Your goal:
Set down all of the data exactly. Pictures stay out of the copy.

Data extract:
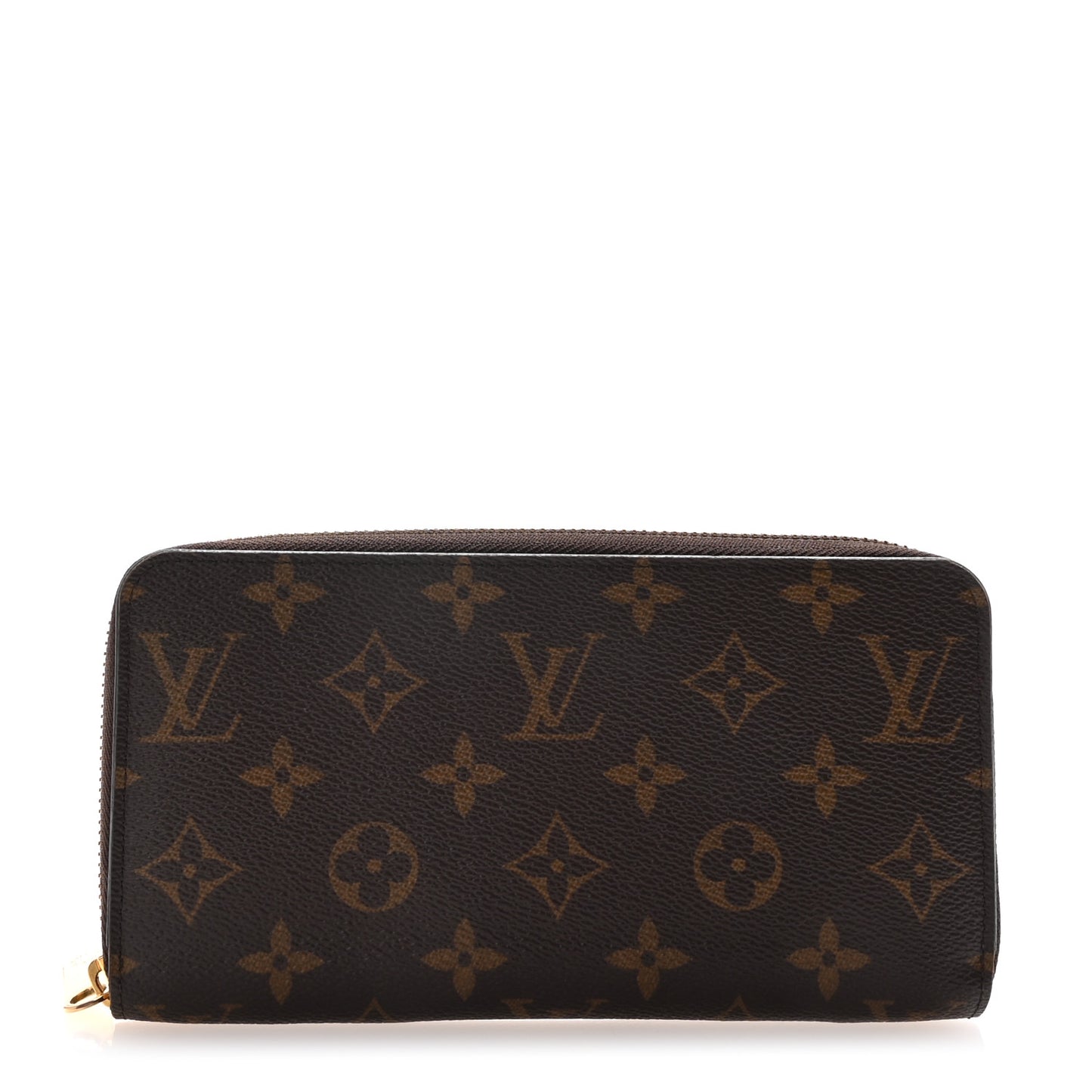 Monogram Zippy Wallet Fuchsia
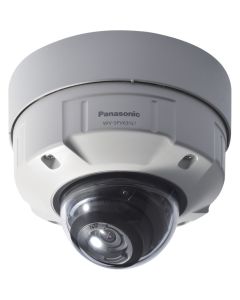 Panasonic i-Pro WV-SFV631LT 2.4 Megapixel Network Camera - Colour - Dome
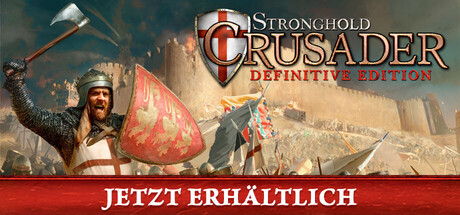Stronghold Crusader: Definitive Edition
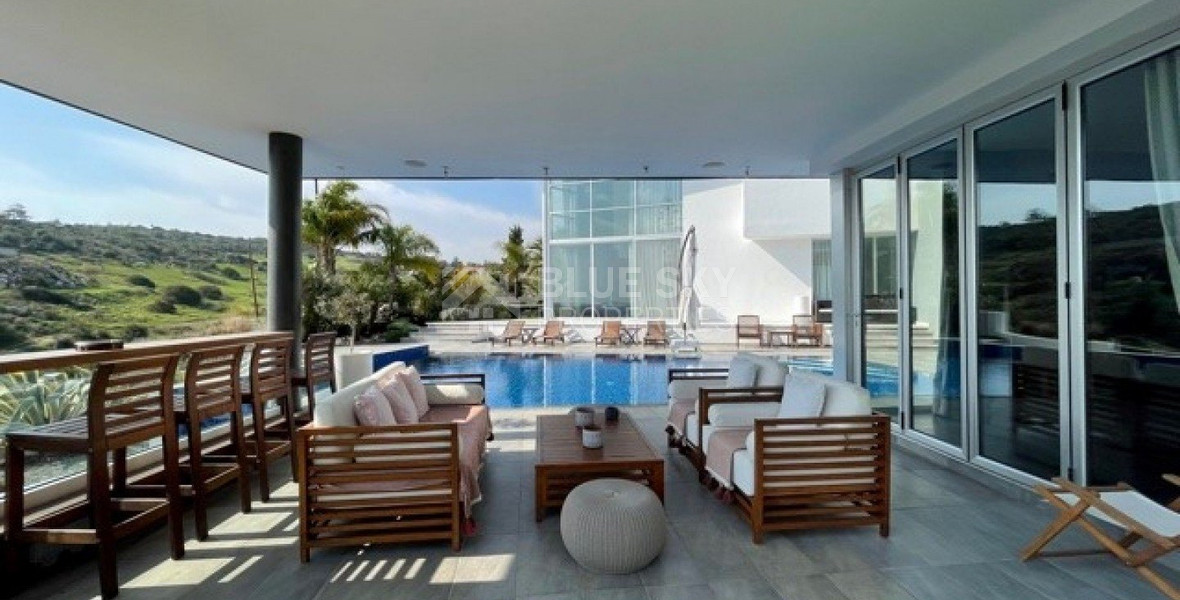 5 Bed House For Sale In Parekklisia Limassol Cyprus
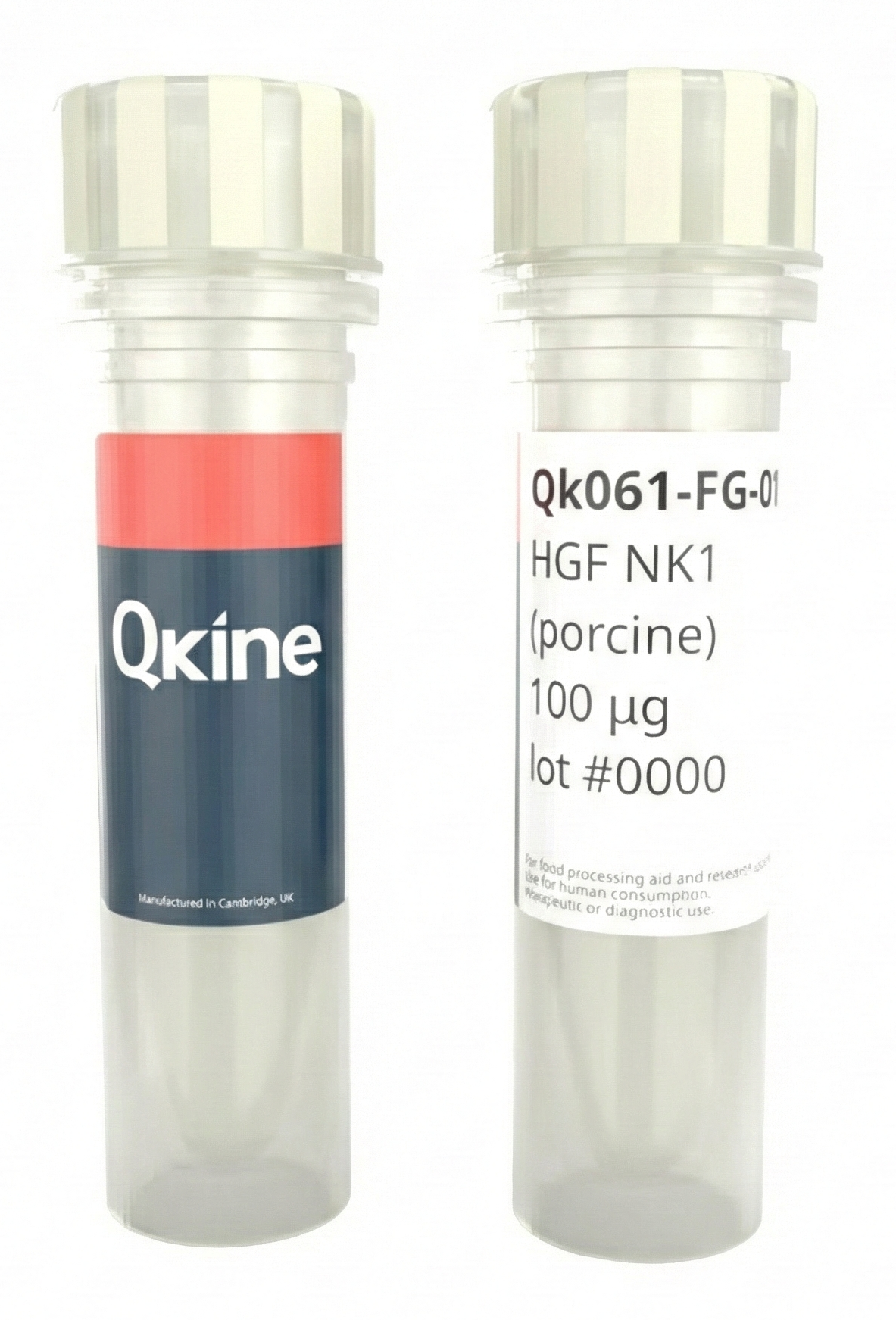 <tc>Qkine</tc> 再組換え豚HGF NK1タンパク質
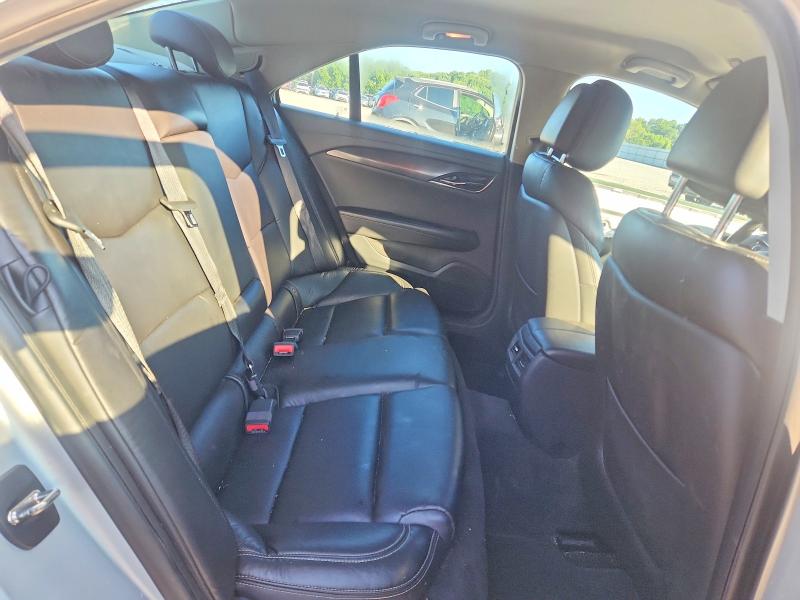 Photo 10 from auction – 2014 CADILLAC ATS with VIN 1G6AA5RA8E0106488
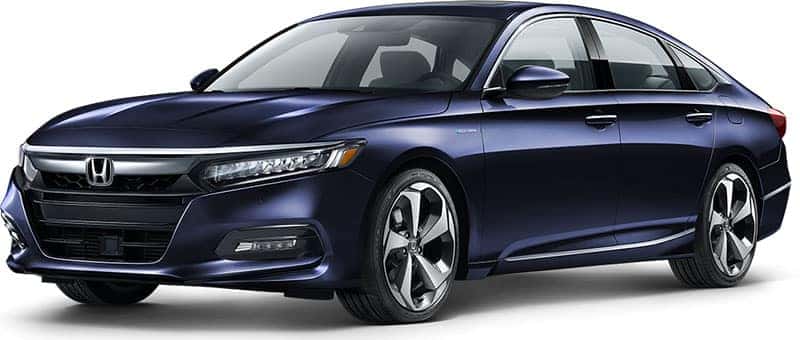2020 Accord Hybrid Touring
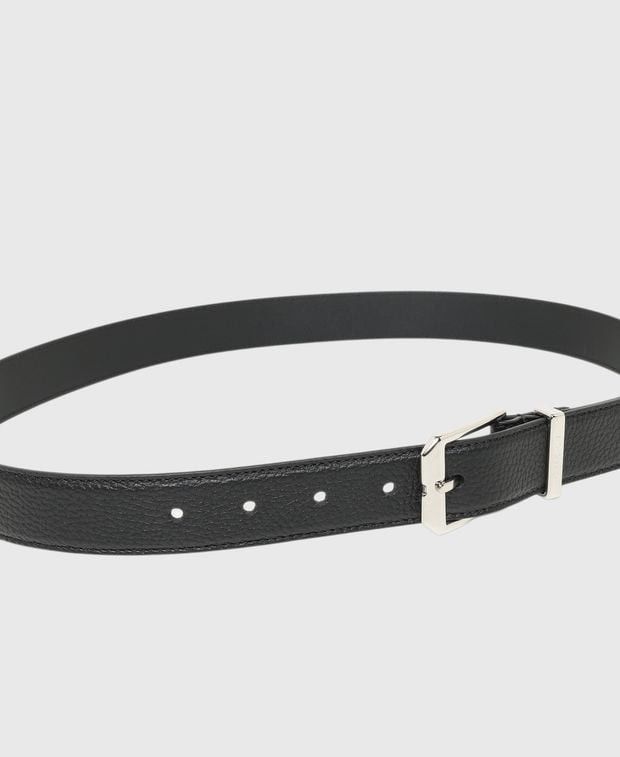 Gucci Leather belt Size 36 - 2 Thumbnail
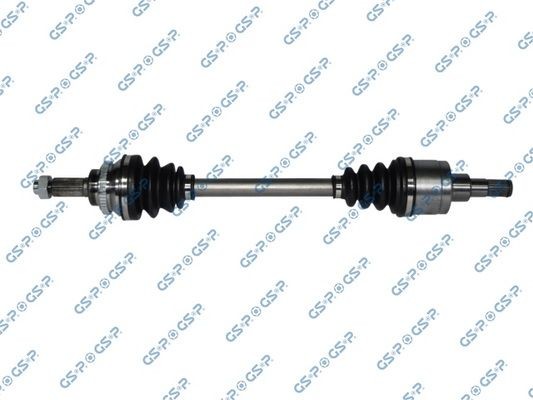 GSP Drivaksel 299184 Drivaksel GSP IMPREZA 299184 billige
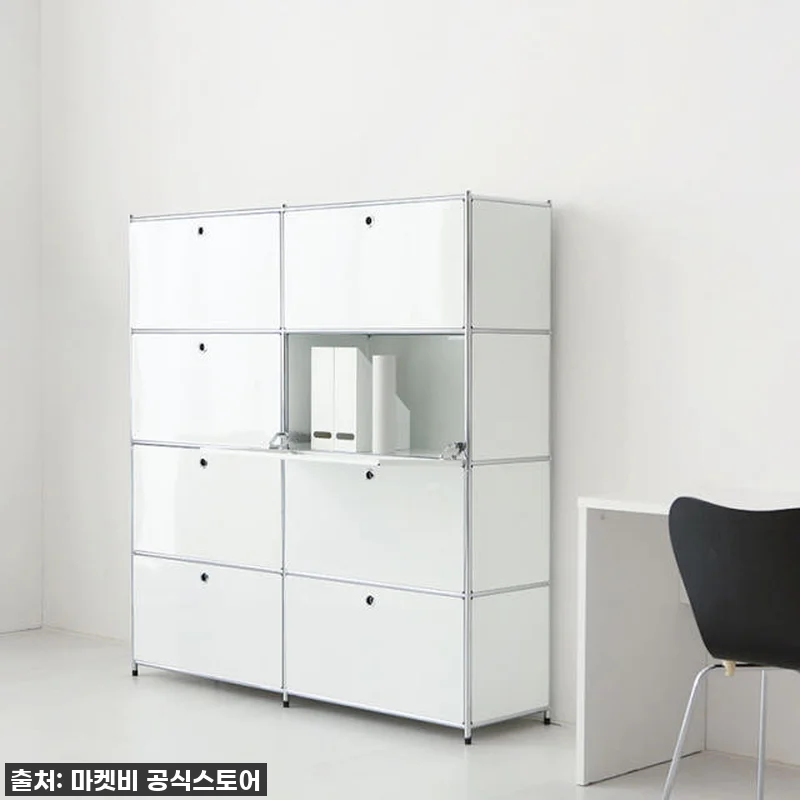 모듈가구 심플리 4x2 수납장 8문 관련 이미지 5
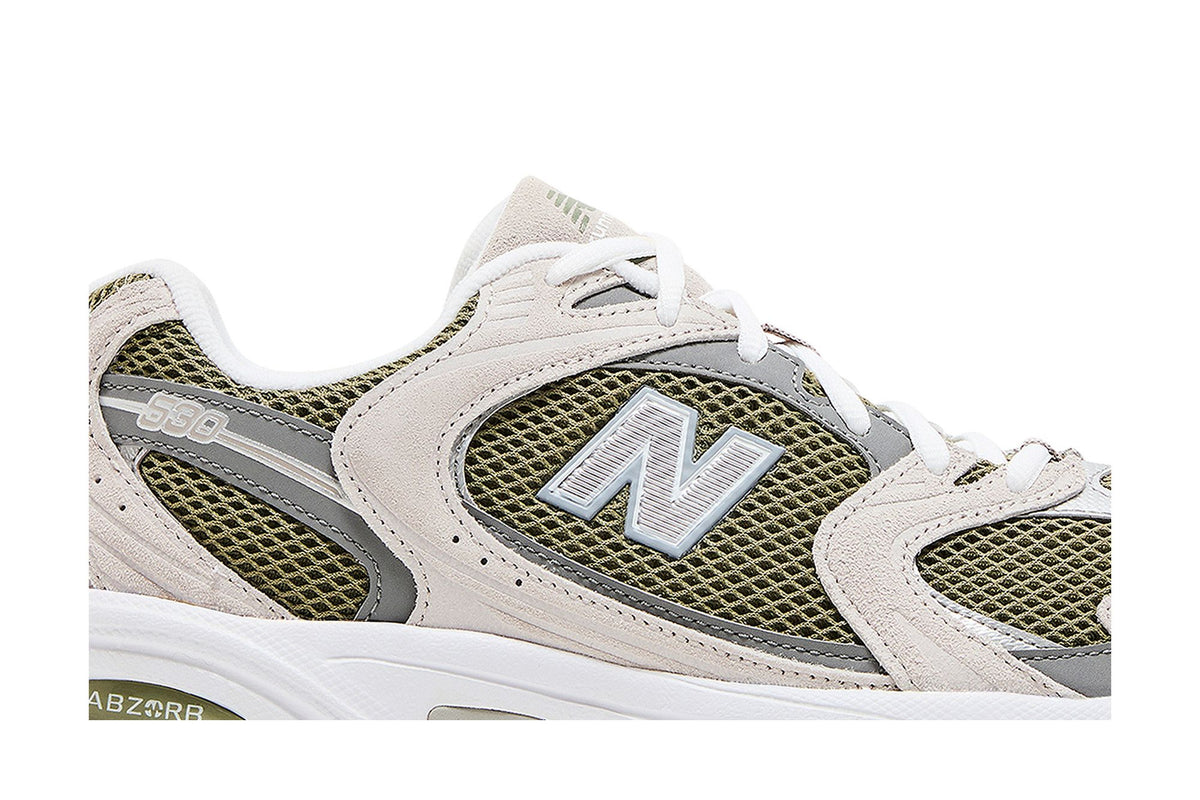 New Balance 530 Dark Olivine Moonrock - Im Your Wardrobe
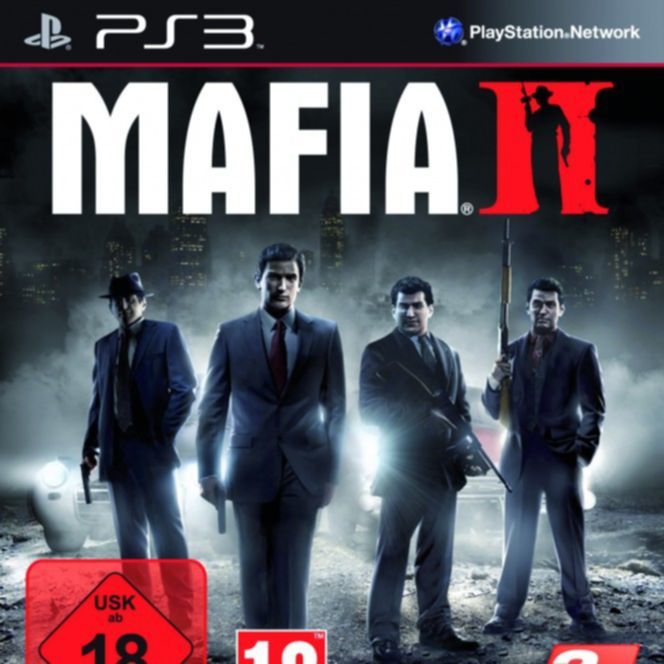 Mafia II (dt. Version)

Result of the task:
 Monogram Zippy Wallet Fuchsia
 Panasonic i-Pro WV-SFV631LT 2.4 Megapixel Network Camera - Colour - Dome
Stronghold Crusader: Definitive Edition
 5 Bed House For Sale In Parekklisia Limassol Cyprus
 <tc>Qkine</tc> 再組換え豚HGF NK1タンパク質
 Photo 10 from auction – 2014 CADILLAC ATS with VIN 1G6AA5RA8E0106488
2020 Accord Hybrid Touring
 Gucci Leather belt Size 36 - 2 Thumbnail
 GSP Drivaksel 299184 Drivaksel GSP IMPREZA 299184 billige
 모듈가구 심플리 4x2 수납장 8문 관련 이미지 5
 New Balance 530 Dark Olivine Moonrock - Im Your Wardrobe
 Mafia II (dt. Version)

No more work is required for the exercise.